# Do any of you re-load your ammo?



## scootman (Oct 6, 2007)

If so, would you mind showing me the ropes? I just don't see myself continuing to pay these outrageous ammo prices. I don't mind paying the price to go to the local shooting range, but the cost of the ammo is quickly adding up.

Thanks,
Scoots


----------



## Firefishvideo (Jul 1, 2010)

I started reloading a few months ago, and it seems to be the way to go. I just could not find a good deal on ammo anywhere....even buying 1k rounds I would still be paying over 20cents a round, probably a lot more.
Started on an RCBS single press, and knocked out 1k 45cal's in pretty short order.....and I was hooked.
Just got my new Lee Loadmaster press running....I bought it completely set up for .380, and I just knocked out 400 rounds in about an hour and a half. I can see it doing 400+ an hour, once I get use to it.
I'm just using berry's plated bullets, which run about $85 per 1k including shipping, primers are about $30/1k depending on how many you order at one time.....and on the .380 if figure it costs me about 1cent per load for powder. Brass is free if you save/collect it.
That puts my 1k of .380 at about $125 or 12.5 cents a round. I think the last time I bought "white box" wallyworld ammo in .380 I paid about $38/100 with tax. That means I saved $255 and can do it again anytime I want.
Of course The bigger shells will use more powder, but of course they cost more at retail too.
There are a lot of expensive presses on the market, Lee is probably the cheapest, so far I am impressed with the press and am ordering more dies....9mm is next.:thumbup: You will have to Press a LOT of ammo to pay for the more expensive presses , and may never make up the difference.....end up paying more than if you just bought the ammo.:whistling:
I didn't pay a lot for my press and I'll soon have 1000's of quality rounds for every caliber I shoot, at half to 1/3 the cost of even cheap retail ammo.
Hope that helps, I know there are some more experienced reloaders on here, which could add some more experience, and If you want to reload large rife, that is another game as well.


----------



## no woryz (Oct 2, 2007)

Great post Scott, +1 on everything he said and it helps to find a good friend to halve costs and share info.....


----------



## sig226 (Feb 7, 2011)

i have a few friends do, one gunsmith, other old fart and hes selling all his guns , probally his reloading equip also ill check if u like


----------



## scootman (Oct 6, 2007)

I primarily shoot a 30-06 and this is what I'm mostly interested in learning how to re-load.

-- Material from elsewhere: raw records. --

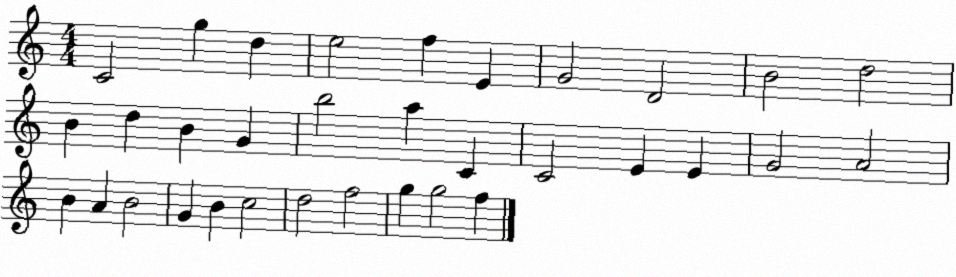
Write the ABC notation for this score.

X:1
T:Untitled
M:4/4
L:1/4
K:C
C2 g d e2 f E G2 D2 B2 d2 B d B G b2 a C C2 E E G2 A2 B A B2 G B c2 d2 f2 g g2 f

I would appreciate any opportunity to observe anyone re-loading their ammo just to see the process and perhaps get a chance to take an up close look at the equipment.

Scoots


----------



## shootnstarz (May 4, 2011)

I've been reloading for some 20 years, gone through all the fancy stuff and have settled on a couple of Rock Chuckers single stage presses. I mainly load for accuracy so single stage is the way to go for me.

I am set up to reload all USGI rifle calibers and most popular handgun rounds. I live in Ensley so we're pretty close. You can come by sometime and I'll show you the ropes or I know a guy that teaches reloading for a fee, and you can rent his reloading room once you've learned, until you get yours set up.

Reloading used to be economical only if you were loading match grade ammo but now it pays to load plinking ammo. The trick is to buy in bulk, splitting the cost.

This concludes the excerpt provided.